Pattern Recognition Lab, Computer Science, Friedrich-Alexander-Universität Erlangen-Nürnberg, Erlangen, Germany.
Research and Development, EUROIMMUN Medizinische Labordiagnostika AG, Lübeck, Germany.
Sci Data. 2022 Jun 3;9(1):269. doi: 10.1038/s41597-022-01389-0.
Pulmonary hemorrhage (P-Hem) occurs among multiple species and can have various causes. Cytology of bronchoalveolar lavage fluid (BALF) using a 5-tier scoring system of alveolar macrophages based on their hemosiderin content is considered the most sensitive diagnostic method. We introduce a novel, fully annotated multi-species P-Hem dataset, which consists of 74 cytology whole slide images (WSIs) with equine, feline and human samples. To create this high-quality and high-quantity dataset, we developed an annotation pipeline combining human expertise with deep learning and data visualisation techniques.
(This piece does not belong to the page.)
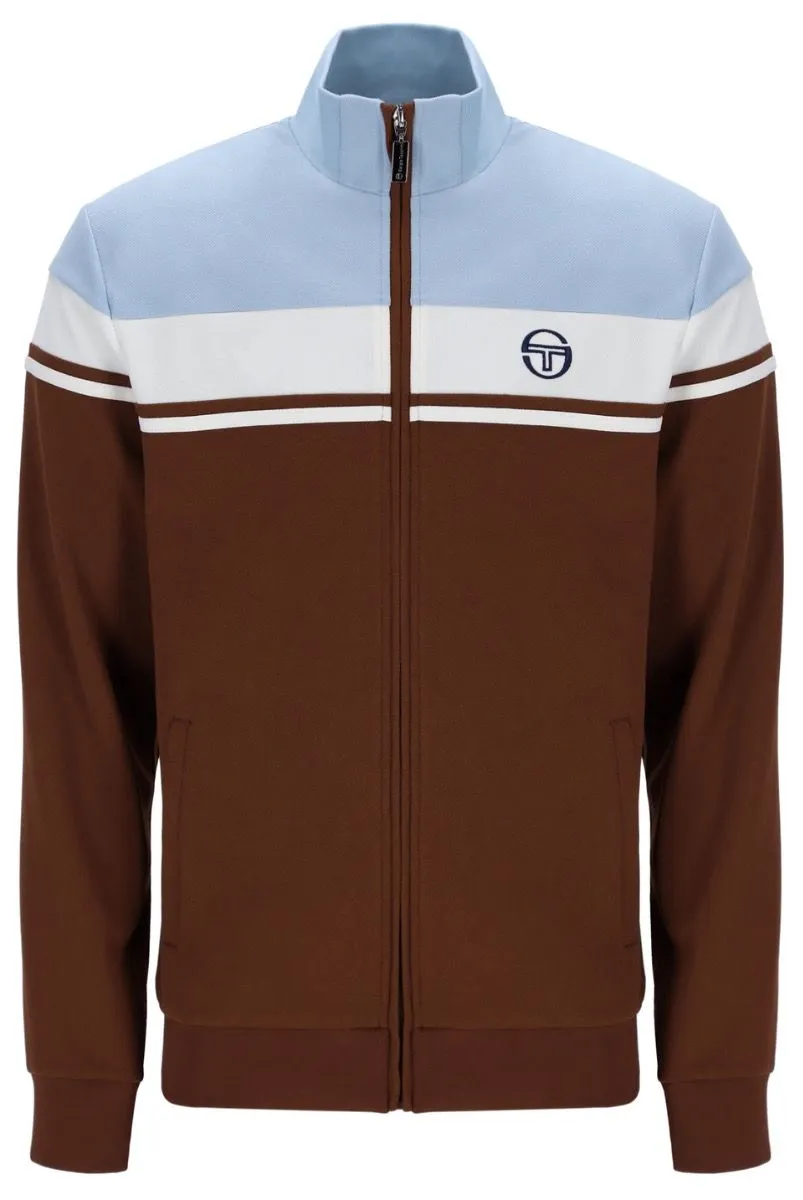 Sergio Tacchini Damarindo Track Jacket Cappuccino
We applied a deep learning-based object detection approach trained on 17 expertly annotated equine WSIs, to the remaining 39 equine, 12 human and 7 feline WSIs. The resulting annotations were semi-automatically screened for errors on multiple types of specialised annotation maps and finally reviewed by a trained pathologist. Our dataset contains a total of 297,383 hemosiderophages classified into five grades. It is one of the largest publicly available WSIs datasets with respect to the number of annotations, the scanned area and the number of species covered.
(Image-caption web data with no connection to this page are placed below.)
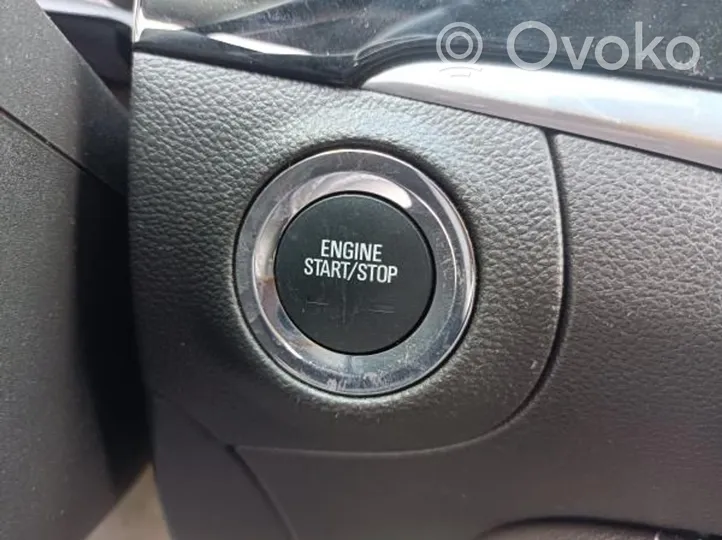Opel Astra K Engine start stop button switch 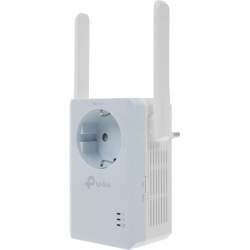 Повторитель беспроводного сигнала TP-Link RE365 AC1200 10/100BASE-TX белый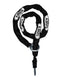 Abus Multifit Insteekketting 130cm Zwart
肺出血(P-Hem)发生在多种物种中,可能有多种原因。基于肺泡巨噬细胞中含铁血黄素含量的 5 级评分系统对支气管肺泡灌洗液(BALF)进行细胞学检查被认为是最敏感的诊断方法。我们介绍了一种新颖的、完全注释的多物种 P-Hem 数据集,其中包含 74 张细胞学全幻灯片图像(WSI),包括马、猫和人类样本。为了创建这个高质量和高数量的数据集,我们开发了一个注释管道,将人类专业知识与深度学习和数据可视化技术相结合。我们将基于 17 张经过专业注释的马 WSI 训练的基于深度学习的目标检测方法应用于其余 39 张马、12 张人类和 7 张猫 WSI。生成的注释在多种类型的专用注释地图上进行半自动筛选,以纠正错误,并最终由经过培训的病理学家进行审查。我们的数据集共包含 297383 个分类为五个等级的含铁血黄素细胞。就注释数量、扫描面积和涵盖的物种数量而言,它是最大的公开可用的 WSI 数据集之一。